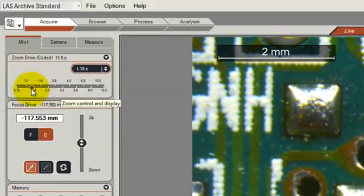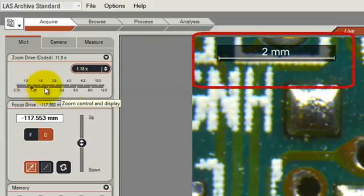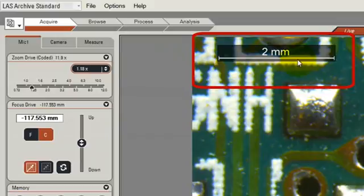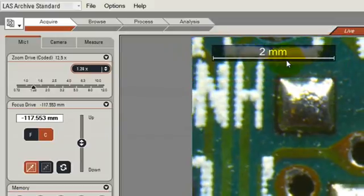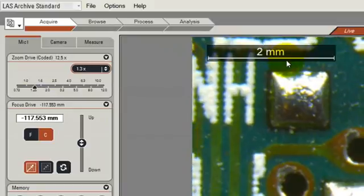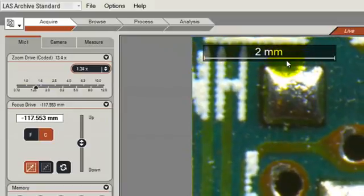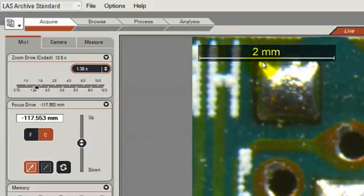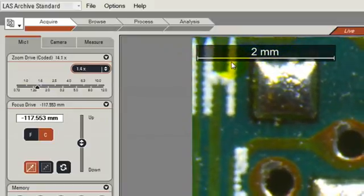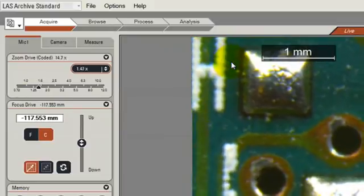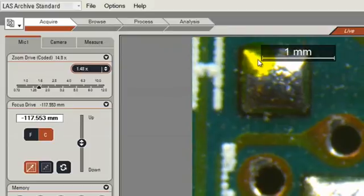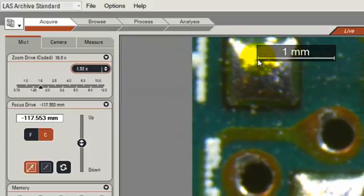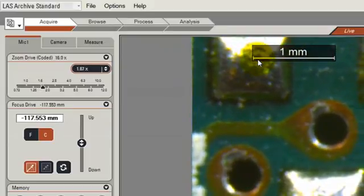At the same time as I adjust the zoom level, you can see that the scale bar shown on the image is also adjusting in size. So if I go for higher zoom, the scale bar gets larger until at a certain point it switches from 2mm to 1mm and then it continues to increase.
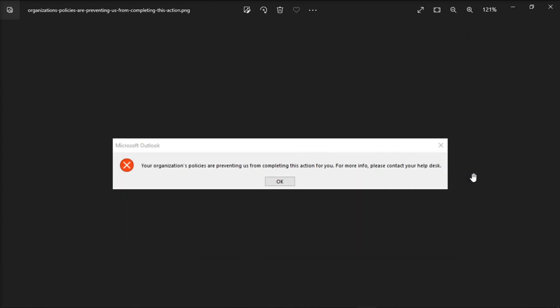And those are the possible ways to troubleshoot this error message in the Microsoft Outlook application. If you found this video helpful, kindly like and subscribe. You may also click and turn on the notification bell so you can be notified whenever we release new videos.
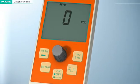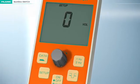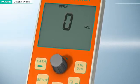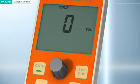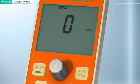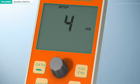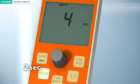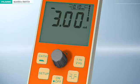Setup Level 1: The volume of the warning and monitoring sounds can be adjusted in level 1. The scale ranges from 0 (monitoring and warning sounds turned off) to 4 (very loud). The adjustment is carried out by turning the knob. The setup button must be pressed for at least 2 seconds to store the selected value permanently. A monitoring sound will be emitted upon successful storage, then the device will switch to pause mode automatically.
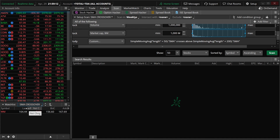That covers just about everything you need to know to get started using the Simple Moving Average. If you have any additional questions or recommendations for other studies you'd like me to discuss, please leave them down below. I hope you all have an amazing rest of your week and I'll catch you on the next one.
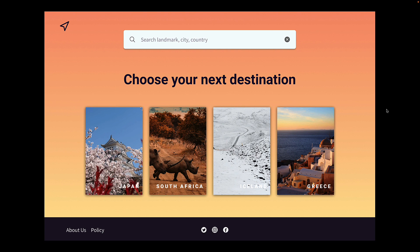A search bar to search a city or country and a few thumbnails for countries that are popular right now. On each of the images, we have the text that represents the country. As you might have already guessed, we have a problem with accessibility. Although South Africa and Greece is easier to read, both Japan and Iceland are very difficult to distinguish from the background.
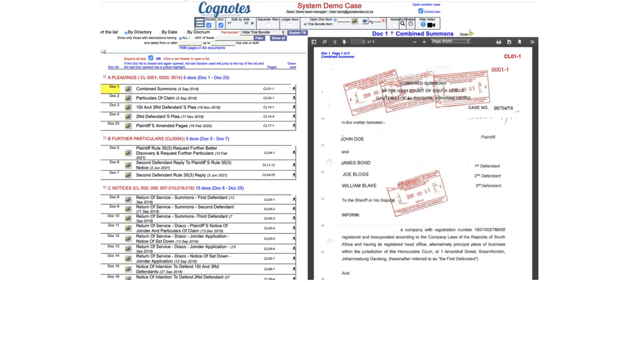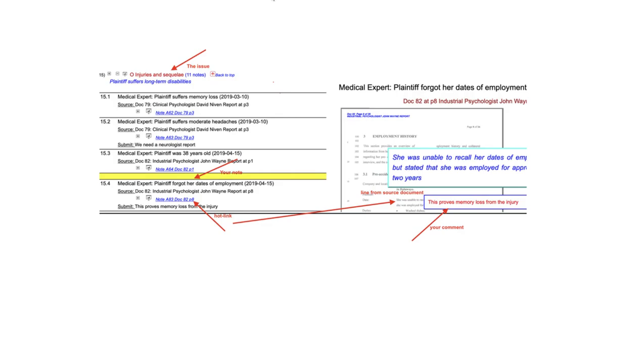Welcome to CogNotes. Upload all the PDFs in your case to CogNotes. The contents is OCR'd and searchable.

• WHAT THIS TASK INVOLVES: Please repeat, with no pictures, each line from the start of the records above through the line with "That covers just", inclusive, and only those.

• ANSWER SPACE:
At the same time as I adjust the zoom level, you can see that the scale bar shown on the image is also adjusting in size. So if I go for higher zoom, the scale bar gets larger until at a certain point it switches from 2mm to 1mm and then it continues to increase.
And those are the possible ways to troubleshoot this error message in the Microsoft Outlook application. If you found this video helpful, kindly like and subscribe. You may also click and turn on the notification bell so you can be notified whenever we release new videos.
Setup Level 1: The volume of the warning and monitoring sounds can be adjusted in level 1. The scale ranges from 0 (monitoring and warning sounds turned off) to 4 (very loud). The adjustment is carried out by turning the knob. The setup button must be pressed for at least 2 seconds to store the selected value permanently. A monitoring sound will be emitted upon successful storage, then the device will switch to pause mode automatically.
That covers just about everything you need to know to get started using the Simple Moving Average. If you have any additional questions or recommendations for other studies you'd like me to discuss, please leave them down below. I hope you all have an amazing rest of your week and I'll catch you on the next one.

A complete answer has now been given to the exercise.